- Directed by: Gianni Serra
- Screenplay by: Gianni Serra Tomaso Sherman Tiziana Aristarco
- Starring: Oria Conforti Maria Monti
- Cinematography: Dario Di Palma
- Edited by: Maria Di Mauro
- Music by: Luis Bacalov
- Release date: 1980;
- Country: Italy
- Language: Italian

= The Girl from Millelire Street =

The Girl from Millelire Street (La ragazza di via Millelire) is a 1980 Italian drama film co-written and directed by Gianni Serra. It premiered at the 37th Venice International Film Festival.

== Cast ==
- Oria Conforti as Betty
- Maria Monti as Verdiana
- Silvana Lombardo as Wanda
- Diego Dettori as Petrini
- Lisa Policaro as Luisa
- Danilo De Girolamo as Mastino

==Production==
The principal cinematography started in Turin in June 1979. The lead actress, 15-year-old Oria Conforti, was selected from more than 300 young girls who auditioned for the role.

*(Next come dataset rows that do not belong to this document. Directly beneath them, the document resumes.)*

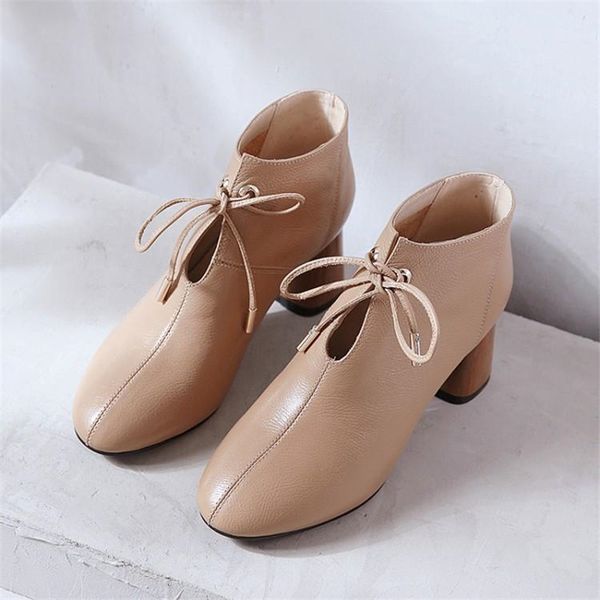 boots women zapatos de mujer round toe shoes woman lace up botas mujer square heels female shoes retro ankle boots autumn, Black
boots women zapatos de mujer round toe shoes woman lace up botas mujer square heels female shoes retro ankle boots autumn, Black
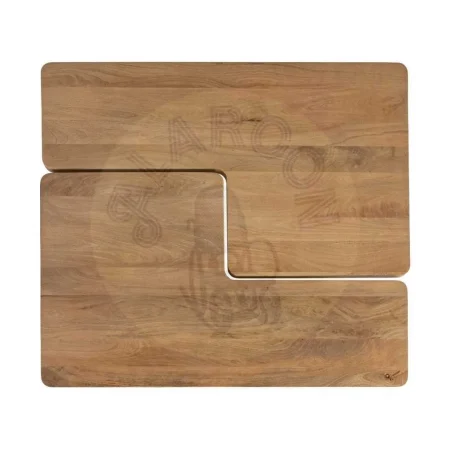 Juego de 2 mesas de centro en madera de mango acabado natural 120x70x36cm - Ixia - 615573IX - foto-secundaria-9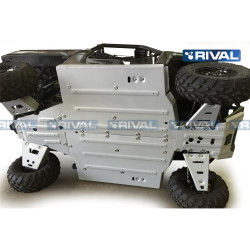 Kit Protection Aluminium Complet RIVAL 1000 xp Ranger Polaris 2018 et plus Port Offert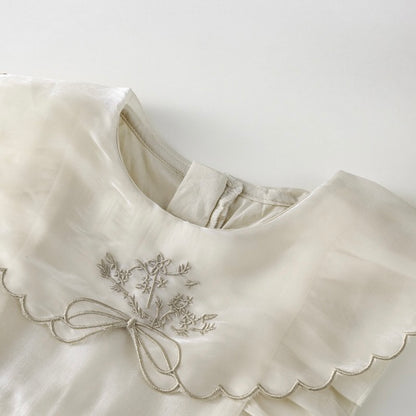 フリルシフォンノースリーブワンピース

It had a budget of just under 200 million lire.

==Release==
The film premiered at the 37th edition of the Venice Film Festival, in the Officina Veneziana sidebar.

==Reception==
A contemporary Variety review described the film as "somewhat disparate and rambling" but able to "give a disturbing yet humanly observed look at fringe subproletarian life in a big industrial city". Roberto Puppi called it "one of the most important films in Italian cinema of the decade", describing it as "a ruthless look at youth marginalization in a major metropolis and a scathing indictment of the devastation caused by drugs".